Ce parlementaire républicain de 52 ans, est un « faucon », farouche adversaire du régime iranien et de l’accord international sur le nucléaire signé par les grandes puissances pour empêcher Téhéran de se doter de la bombe.

Il est membre de la commission du renseignement de la Chambre des représentants et il a aussi été l’un des membres en vue de la controversée commission d’enquête sur l’attaque du consulat américain à Benghazi en Libye en 2012.

Après deux ans d’enquête, cette commission avait finalement accusé Hillary Clinton, la secrétaire d’État de l’époque, d’avoir minimisé la menace djihadiste en Libye.
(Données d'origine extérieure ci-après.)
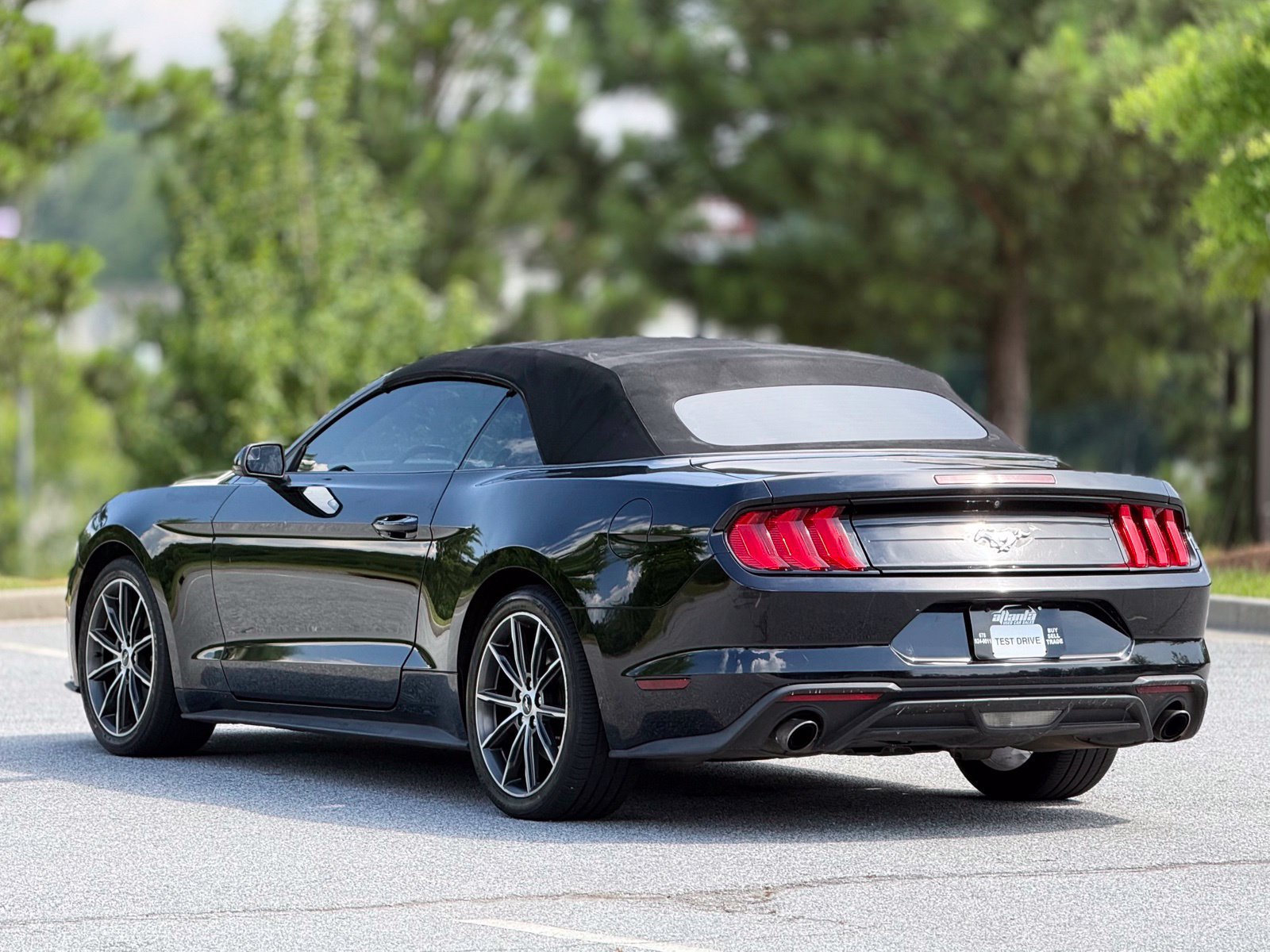 Used 2018 Ford Mustang Convertible w/ Wheel & Stripe Package RWD image 10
Sorti major de sa promotion en 1986 de West Point, la prestigieuse école de formation des officiers américains de l’armée de terre, Mike Pompeo a quitté l’armée en 1991 pour étudier le droit à Harvard, puis se lancer dans les affaires en fondant Thayer Aerospace, une entreprise aéronautique qu’il a ensuite revendue.

En 2010, il conquiert un siège de représentant pour le Kansas, soutenu par les frères Koch, les influents milliardaires conservateurs.

Sa nomination doit être approuvée par le Sénat.

M. Trump rencontrera en fin de semaine l’ancien candidat présidentiel Mitt Romney, qui serait en lice pour le poste de secrétaire d’État.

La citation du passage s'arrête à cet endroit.